Una tradizione che diventa arte celebrativa in una sorta di benedizione alla quale non si è sottratto neanche San Patrizio al quale è dedicato il famoso Pozzo, voluto da Papa Clemente VII, e all’interno del quale si è celebrata la degustazione delle migliori etichette raccolte sotto l’egida del Consorzio Vini Orvieto. Un viaggio al centro della terra, giù per 248 gradini, alla ricerca di un patto tra passato e presente che, archiviate le ataviche divisioni di una città storicamente spaccata, vuole scrivere una nuova storia. C’è un obiettivo, oggi. C’è una data orientativa. «Nel 2020 – racconta Riccardo Cotarella, presidente del Comitato scientifico di Orvieto diVino – vogliamo ottenere l’autorizzazione per disciplinare la produzione dello spumante dall’Orvieto».
Uno spumante, un Metodo Martinotti, sotto la direzione tecnico scientifica di Riccardo Cotarella che questa volta gioca in casa, nella sua città, nella sua terra, dove la sfida è forse ancora più coinvolgente dal punto di vista emotivo, e un progetto ambizioso che rientra nella filosofia di riscatto di una intera denominazione.

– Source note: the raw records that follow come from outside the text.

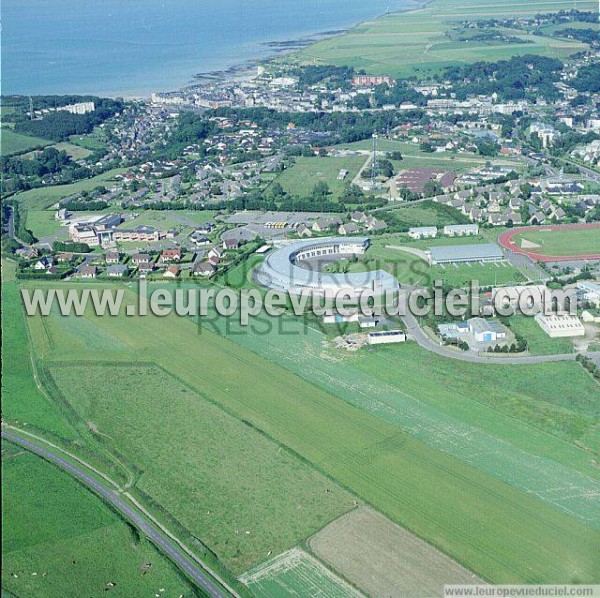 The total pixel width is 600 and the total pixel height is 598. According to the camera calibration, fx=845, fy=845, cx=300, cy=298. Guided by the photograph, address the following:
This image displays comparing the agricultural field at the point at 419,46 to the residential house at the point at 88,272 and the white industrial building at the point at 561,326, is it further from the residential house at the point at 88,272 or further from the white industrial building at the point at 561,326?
the white industrial building at the point at 561,326

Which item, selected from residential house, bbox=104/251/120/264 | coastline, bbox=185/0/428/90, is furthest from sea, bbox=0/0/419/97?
residential house, bbox=104/251/120/264

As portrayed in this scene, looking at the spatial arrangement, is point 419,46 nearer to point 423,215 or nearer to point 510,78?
point 510,78

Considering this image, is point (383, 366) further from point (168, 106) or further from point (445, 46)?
point (445, 46)

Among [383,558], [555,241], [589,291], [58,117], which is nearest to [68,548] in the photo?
[383,558]

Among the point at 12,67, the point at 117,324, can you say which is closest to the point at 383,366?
the point at 117,324

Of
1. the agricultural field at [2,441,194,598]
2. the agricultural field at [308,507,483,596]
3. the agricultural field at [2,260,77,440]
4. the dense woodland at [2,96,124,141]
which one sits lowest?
the agricultural field at [308,507,483,596]

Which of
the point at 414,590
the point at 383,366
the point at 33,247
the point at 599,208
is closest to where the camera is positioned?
the point at 414,590

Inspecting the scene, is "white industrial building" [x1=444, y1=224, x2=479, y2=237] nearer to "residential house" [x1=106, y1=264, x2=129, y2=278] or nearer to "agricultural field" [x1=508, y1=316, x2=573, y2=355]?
"agricultural field" [x1=508, y1=316, x2=573, y2=355]
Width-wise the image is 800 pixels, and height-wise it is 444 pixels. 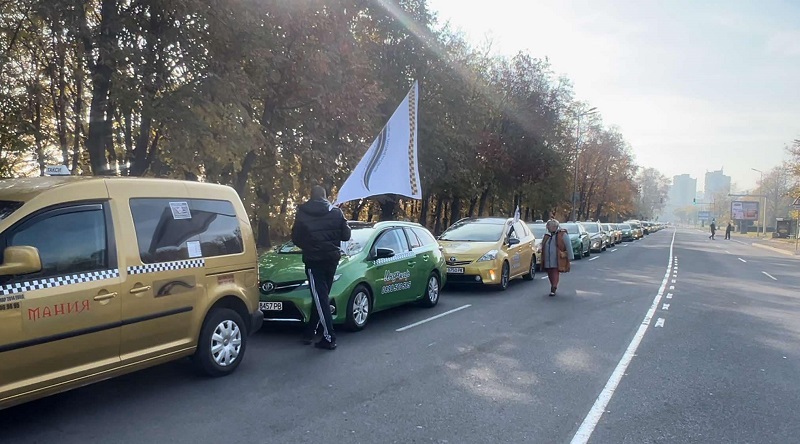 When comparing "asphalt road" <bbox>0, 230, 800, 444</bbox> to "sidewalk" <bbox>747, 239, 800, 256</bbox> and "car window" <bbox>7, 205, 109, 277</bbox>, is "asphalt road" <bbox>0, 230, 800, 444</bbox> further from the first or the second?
"sidewalk" <bbox>747, 239, 800, 256</bbox>

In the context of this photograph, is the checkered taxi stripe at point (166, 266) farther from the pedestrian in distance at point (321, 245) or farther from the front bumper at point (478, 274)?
the front bumper at point (478, 274)

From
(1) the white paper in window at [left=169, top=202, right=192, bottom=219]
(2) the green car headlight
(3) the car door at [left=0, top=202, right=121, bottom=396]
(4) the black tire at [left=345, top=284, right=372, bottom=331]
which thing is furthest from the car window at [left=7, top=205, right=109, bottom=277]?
(2) the green car headlight

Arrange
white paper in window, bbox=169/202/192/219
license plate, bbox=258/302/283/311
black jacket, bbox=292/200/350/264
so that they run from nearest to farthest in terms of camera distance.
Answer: white paper in window, bbox=169/202/192/219 → black jacket, bbox=292/200/350/264 → license plate, bbox=258/302/283/311

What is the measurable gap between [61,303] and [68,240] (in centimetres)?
51

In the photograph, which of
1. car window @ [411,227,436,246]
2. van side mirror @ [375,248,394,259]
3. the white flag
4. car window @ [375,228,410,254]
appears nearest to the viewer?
van side mirror @ [375,248,394,259]

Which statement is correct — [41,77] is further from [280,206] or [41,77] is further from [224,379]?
[224,379]

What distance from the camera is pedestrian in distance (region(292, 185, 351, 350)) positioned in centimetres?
733

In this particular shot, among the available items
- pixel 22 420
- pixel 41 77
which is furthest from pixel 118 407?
pixel 41 77

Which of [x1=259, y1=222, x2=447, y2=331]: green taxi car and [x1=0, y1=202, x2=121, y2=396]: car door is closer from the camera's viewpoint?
[x1=0, y1=202, x2=121, y2=396]: car door

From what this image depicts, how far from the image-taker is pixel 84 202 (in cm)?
500

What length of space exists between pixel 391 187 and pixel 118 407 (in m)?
5.74

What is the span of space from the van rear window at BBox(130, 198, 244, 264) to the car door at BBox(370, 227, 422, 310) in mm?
2857

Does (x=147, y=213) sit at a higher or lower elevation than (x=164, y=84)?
lower

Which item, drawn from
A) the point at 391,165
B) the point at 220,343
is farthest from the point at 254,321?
the point at 391,165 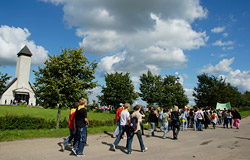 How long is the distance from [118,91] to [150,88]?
10.4 m

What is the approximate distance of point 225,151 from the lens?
7707 millimetres

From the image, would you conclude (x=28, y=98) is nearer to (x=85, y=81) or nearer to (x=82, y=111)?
(x=85, y=81)

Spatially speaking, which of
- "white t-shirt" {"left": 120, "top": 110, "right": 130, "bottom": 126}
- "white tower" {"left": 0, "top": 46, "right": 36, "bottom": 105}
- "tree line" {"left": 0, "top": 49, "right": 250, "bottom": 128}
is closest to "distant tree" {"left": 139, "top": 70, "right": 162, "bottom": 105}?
"tree line" {"left": 0, "top": 49, "right": 250, "bottom": 128}

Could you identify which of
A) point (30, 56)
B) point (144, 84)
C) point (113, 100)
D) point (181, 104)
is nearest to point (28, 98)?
point (30, 56)

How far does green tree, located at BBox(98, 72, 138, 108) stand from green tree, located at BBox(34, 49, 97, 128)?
78.0ft

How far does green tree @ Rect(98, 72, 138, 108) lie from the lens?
37.4 meters

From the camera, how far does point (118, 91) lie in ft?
123

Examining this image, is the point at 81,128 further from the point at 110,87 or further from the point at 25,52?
the point at 25,52

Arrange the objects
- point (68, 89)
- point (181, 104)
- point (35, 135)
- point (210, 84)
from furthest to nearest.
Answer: point (181, 104) < point (210, 84) < point (68, 89) < point (35, 135)

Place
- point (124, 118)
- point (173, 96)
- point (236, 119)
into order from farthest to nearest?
point (173, 96)
point (236, 119)
point (124, 118)

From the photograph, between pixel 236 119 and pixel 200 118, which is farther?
pixel 236 119

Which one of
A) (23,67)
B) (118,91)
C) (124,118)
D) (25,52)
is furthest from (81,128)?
(25,52)

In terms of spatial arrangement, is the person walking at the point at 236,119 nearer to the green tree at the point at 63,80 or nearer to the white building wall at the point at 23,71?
the green tree at the point at 63,80

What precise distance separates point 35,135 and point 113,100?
92.7 ft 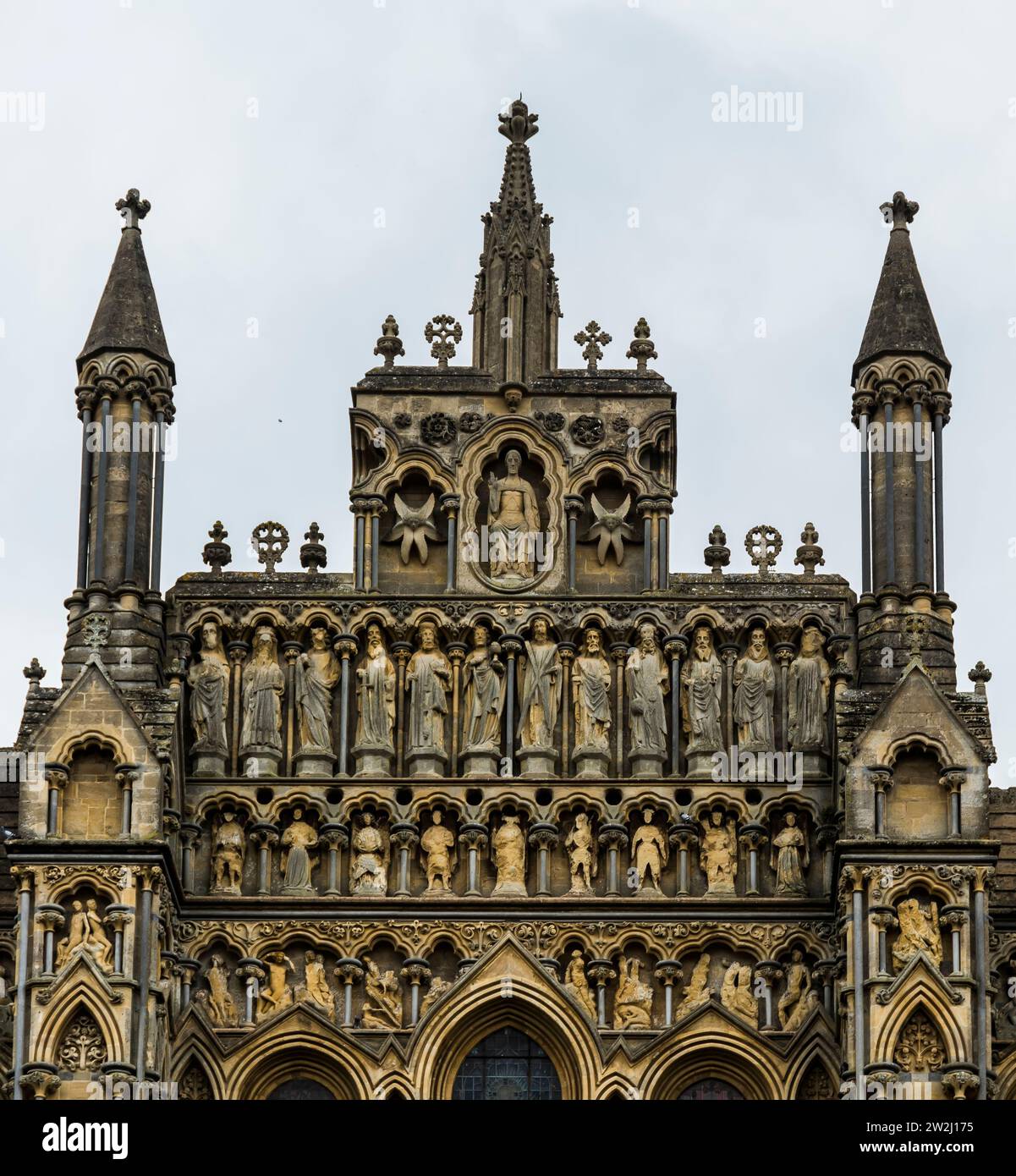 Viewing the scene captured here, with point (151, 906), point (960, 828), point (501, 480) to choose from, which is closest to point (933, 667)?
point (960, 828)

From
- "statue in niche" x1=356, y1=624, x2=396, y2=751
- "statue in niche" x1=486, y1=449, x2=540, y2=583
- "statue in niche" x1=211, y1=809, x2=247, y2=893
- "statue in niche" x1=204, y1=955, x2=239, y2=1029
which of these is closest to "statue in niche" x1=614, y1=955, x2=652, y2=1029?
"statue in niche" x1=356, y1=624, x2=396, y2=751

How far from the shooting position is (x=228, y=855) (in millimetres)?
43344

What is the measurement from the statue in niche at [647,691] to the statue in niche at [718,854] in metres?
0.90

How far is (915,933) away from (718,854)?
2483 millimetres

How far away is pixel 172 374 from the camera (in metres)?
45.0

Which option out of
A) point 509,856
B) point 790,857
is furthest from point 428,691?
point 790,857

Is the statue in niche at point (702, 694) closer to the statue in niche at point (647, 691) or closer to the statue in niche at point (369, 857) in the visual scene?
the statue in niche at point (647, 691)

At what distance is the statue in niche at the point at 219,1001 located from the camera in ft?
141

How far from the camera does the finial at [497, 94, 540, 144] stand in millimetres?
47125

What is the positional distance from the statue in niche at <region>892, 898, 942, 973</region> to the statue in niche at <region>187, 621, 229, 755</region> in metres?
6.79

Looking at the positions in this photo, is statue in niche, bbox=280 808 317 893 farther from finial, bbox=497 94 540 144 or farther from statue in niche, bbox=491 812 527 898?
finial, bbox=497 94 540 144

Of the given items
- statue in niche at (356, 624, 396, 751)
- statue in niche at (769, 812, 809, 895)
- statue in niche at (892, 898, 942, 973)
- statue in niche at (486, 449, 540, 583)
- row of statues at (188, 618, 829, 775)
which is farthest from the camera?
statue in niche at (486, 449, 540, 583) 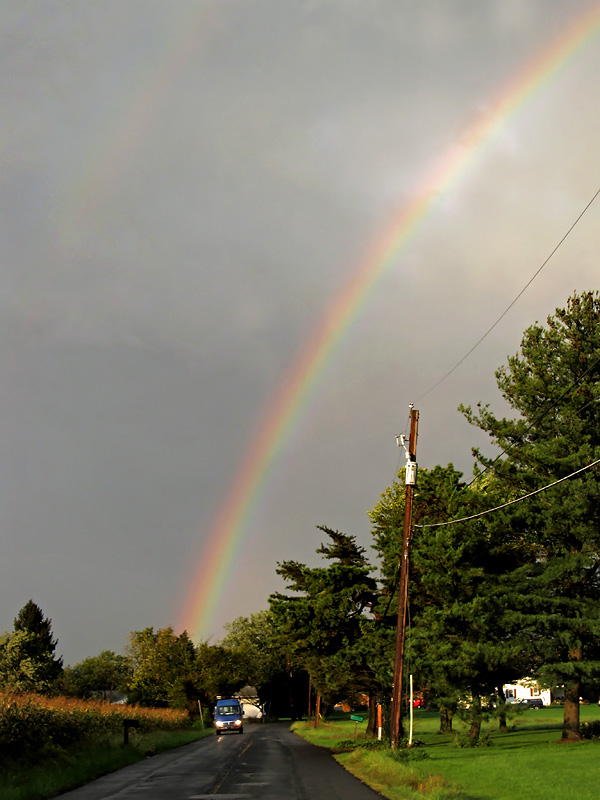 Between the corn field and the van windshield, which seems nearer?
the corn field

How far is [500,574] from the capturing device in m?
44.9

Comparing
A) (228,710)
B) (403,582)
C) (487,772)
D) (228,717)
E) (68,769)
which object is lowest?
(228,717)

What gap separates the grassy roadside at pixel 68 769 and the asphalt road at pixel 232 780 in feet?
1.87

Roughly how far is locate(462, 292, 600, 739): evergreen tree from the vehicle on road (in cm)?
3616

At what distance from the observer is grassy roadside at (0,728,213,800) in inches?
871

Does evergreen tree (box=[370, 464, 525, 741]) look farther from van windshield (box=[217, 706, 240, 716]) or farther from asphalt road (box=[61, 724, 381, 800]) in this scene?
van windshield (box=[217, 706, 240, 716])

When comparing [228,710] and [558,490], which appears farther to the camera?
[228,710]

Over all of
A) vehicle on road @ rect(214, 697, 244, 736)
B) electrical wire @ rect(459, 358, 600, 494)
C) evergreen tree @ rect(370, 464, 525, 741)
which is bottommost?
vehicle on road @ rect(214, 697, 244, 736)

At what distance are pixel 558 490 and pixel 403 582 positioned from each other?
11.2 meters

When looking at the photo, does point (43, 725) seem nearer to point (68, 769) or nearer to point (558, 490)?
point (68, 769)

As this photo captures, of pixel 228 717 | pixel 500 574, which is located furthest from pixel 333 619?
pixel 228 717

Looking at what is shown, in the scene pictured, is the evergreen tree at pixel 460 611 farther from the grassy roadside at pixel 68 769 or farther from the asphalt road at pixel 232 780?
the grassy roadside at pixel 68 769

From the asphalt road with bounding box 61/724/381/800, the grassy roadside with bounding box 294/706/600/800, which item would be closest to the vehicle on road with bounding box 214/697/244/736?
the asphalt road with bounding box 61/724/381/800

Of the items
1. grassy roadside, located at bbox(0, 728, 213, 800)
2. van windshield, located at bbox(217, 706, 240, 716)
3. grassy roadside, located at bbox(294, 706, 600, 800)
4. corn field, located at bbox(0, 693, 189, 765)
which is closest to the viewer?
grassy roadside, located at bbox(294, 706, 600, 800) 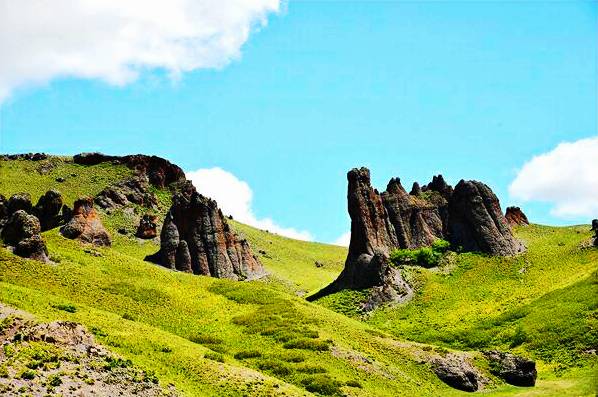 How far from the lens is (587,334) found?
7594 centimetres

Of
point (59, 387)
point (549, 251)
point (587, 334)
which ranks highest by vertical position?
point (549, 251)

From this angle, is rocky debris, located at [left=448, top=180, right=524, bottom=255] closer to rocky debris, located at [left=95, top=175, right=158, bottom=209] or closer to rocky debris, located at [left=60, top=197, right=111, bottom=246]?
rocky debris, located at [left=60, top=197, right=111, bottom=246]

Presidente Cecci, è iniziato un nuovo ciclo per il Consorzio?
Vogliamo alzare l’asticella. Abbiamo iniziato diminuendo la resa per ettaro e nel 2018 siamo passati da 110 a 75 quintali per ettaro, per provare a bilanciare quella che è la produzione con quello che il mercato riesce ad assorbire a dei prezzi adeguati. Vogliamo posizionarlo alle quotazioni che merita. Ci viene riconosciuta una qualità elevata, abbiamo un Consorzio in cui ci sono aziende blasonate e grandi cooperative, abbiamo un territorio unico tra storia e tradizione. Sì, è iniziato un nuovo corso con un approccio scientifico che punta al grande rilancio. È stato costituito un Comitato scientifico presieduto da Riccardo Cotarella con alcuni tra i più grandi comunicatori italiani, per rilanciare l’immagine della nostra denominazione, la cui zona di produzione è stata definita nel 1931per, poi, vedere il riconoscimento della Doc Orvieto nel 1958. Negli anni ’70 è nato il Consorzio, con una ventina di azienda tra le più storiche fino alle cantine cooperative. Oggi rappresenta il 95% della produzione e ogni anno registra la vinificazione di 100mila ettolitri con la commercializzazione di 12 milioni di bottiglie. Oggi contiamo 33 cantine di cui 23 in zona di produzione e una decina al di fuori.
Chi ama più l’Orvieto?
In Europa rispondono molto bene i mercati della Germania e del Regno Unito dove l’Orvieto ha grandi fette di mercato; oltre oceano Stati Uniti e Canada. Chi commercializza l’orvieto sono aziende strutturate con importanti reti commerciali che fanno da apripista anche per i più piccoli.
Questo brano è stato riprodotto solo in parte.